In spite of this he was able to elicit the support of former New Alliance Party Presidential candidate Lenora Fulani (later withdrawn) as well as future Socialist nominee Brian Moore. Klansman David Duke also hopped on board the Buchanan campaign, as well as members of the neo-Nazi National Alliance, bringing a contingent of White Nationalist support.

In New York he ran under the banner of the Right to Life Party and in Colorado under the American Party.

After considering James P. Hoffa and others, Buchanan selected Ezola Foster, one of his co-chairs from the 1996 campaign. The California-based Foster had made a name for herself as an extremely conservative African American activist. Foster was known for her views against immigration, abortion, and Gay rights. She defended the display of the Confederate flag. She said God brought slaves from Africa to America so "their descendants would know freedom." Her placement on the ticket confused several of Buchanan's more racist followers.

Foster became a controversial pick. Her membership with the John Birch Society was more than simply carrying the card, she was also part of their lecture circuit talent pool.
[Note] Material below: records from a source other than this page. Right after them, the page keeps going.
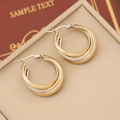 Close-up of dual-tone geometric hoop earrings with textured diamond patterns on a box - Rhombus Pattern Style (5#)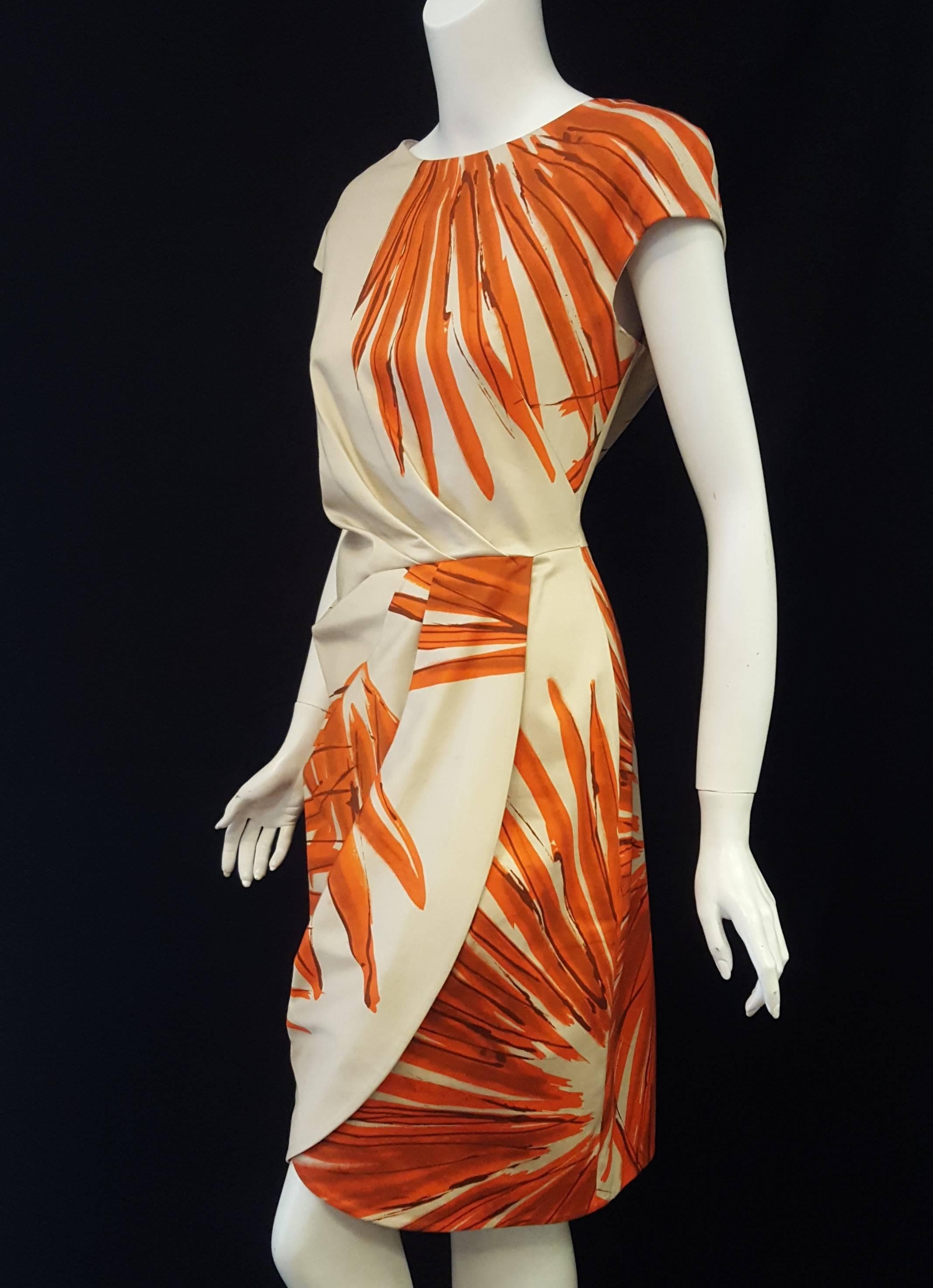This bold tropical print Lela Rose cotton blend dress features a gathered drape from shoulder to waist then from waist to hem.   The lower drape is not fitted or attached to the dress, it is open for a sexier look.  This dress has a round neck and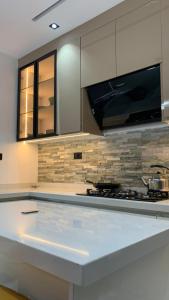 a kitchen with a white counter top and a stove at Aklass Apartments in Lekki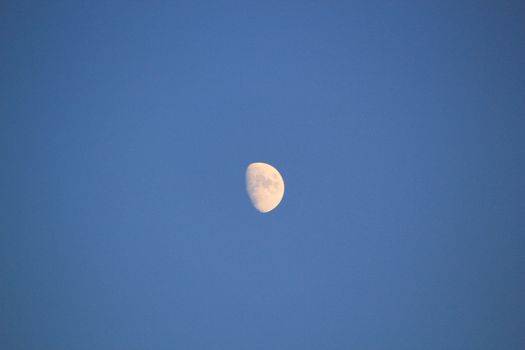 Partial moon in a deep blue sky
She described the civil rights movement as a "revenge and reparations movement" and didn't think segregation was really all that bad even though she grew up in Louisiana as part of the oppressed community. Rev. Jesse Jackson and his ilk were "Leninist race-baiters" according to Foster.

Foster said "government schools," i.e. public education, were "socialist training camps." She opposed AIDS education in schools because she felt it promoted homosexuality. Foster was outspoken and hardline about illegal immigrant children. As a high school teacher she said she was persecuted for her conservative beliefs and was forced to accept worker's compensation 1996-1998 until she retired because of stress. She later said the "mental disorder" claim was faked but reporters uncovered she had suffered from depression since the 1970s and had recently been prescribed antidepressants.
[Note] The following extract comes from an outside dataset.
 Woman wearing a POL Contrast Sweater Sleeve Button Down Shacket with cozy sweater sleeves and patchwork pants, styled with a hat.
The Buchanan/Foster team alienated many of the veteran Reform Party members including Perot himself. The 2000 ticket generally placed 4th around the country, behind Ralph Nader and the Greens. In Oklahoma and South Dakota they placed third but in both cases Nader was not on the ballot. There were 45 states with Foster as the VP. In Massachusetts for some reason the running-mate was William J. Higgins Sr., in Oregon no VP was apparently listed, and in Michigan Buchanan was a write-in.

Top results for Buchanan/Foster ticket: North Dakota 2.53%, Alaska 1.82%, Idaho 1.52%, Montana 1.39%, Wyoming 1.25%, Utah 1.21%, South Dakota 1.05%, Minnesota 0.91%, Louisiana-Arizona 0.81% each, Arkansas 0.80%, Nevada 0.78%, Indiana 0.77%.
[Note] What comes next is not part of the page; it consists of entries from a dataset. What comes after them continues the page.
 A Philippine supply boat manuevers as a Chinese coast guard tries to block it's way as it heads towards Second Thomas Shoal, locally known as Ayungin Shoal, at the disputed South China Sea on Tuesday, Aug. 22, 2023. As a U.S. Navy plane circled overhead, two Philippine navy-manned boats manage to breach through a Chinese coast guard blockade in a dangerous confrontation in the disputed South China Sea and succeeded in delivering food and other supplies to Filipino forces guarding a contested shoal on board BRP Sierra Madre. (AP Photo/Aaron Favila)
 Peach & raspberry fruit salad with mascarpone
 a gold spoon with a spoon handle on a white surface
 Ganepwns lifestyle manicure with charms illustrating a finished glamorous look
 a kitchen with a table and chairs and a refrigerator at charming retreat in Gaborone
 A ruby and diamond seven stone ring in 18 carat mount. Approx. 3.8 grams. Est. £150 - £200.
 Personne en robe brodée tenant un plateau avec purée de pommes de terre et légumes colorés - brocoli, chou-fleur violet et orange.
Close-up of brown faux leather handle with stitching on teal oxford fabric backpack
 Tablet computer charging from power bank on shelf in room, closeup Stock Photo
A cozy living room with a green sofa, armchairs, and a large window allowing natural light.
On Election Day the notorious Florida "butterfly ballot" was thought to be partly responsible for taking votes away from Al Gore and giving them to Pat Buchanan.

By the 2004 election Pat Buchanan was back in the Republican camp, leaving the Reform Party in a state of wreckage. Foster ran for US Congress in 2001 as a member of the Reform Party but in 2002 joined the American Independent Party, explaining, "I'm a Constitutionalist, and it's the only party that recognizes the kingship of Jesus Christ. I'm 100% for that."

Election history:
197- - California State Assembly (Democratic) - defeated
1984 - California State Assembly (Republican) - primary - defeated
1986 - California State Assembly (Republican) - defeated
2001 - US House of Representatives (Calif.) (Reform Party of the United States of America) - defeated

Other occupations: high school teacher, author, President of Black Americans for Family Values, lecturer

Buried: Southern Nevada Veterans Memorial Cemetery (Boulder City, Nev.)

Notes:
Catholic
Winner of the 1984 and 1986 races was Maxine Waters.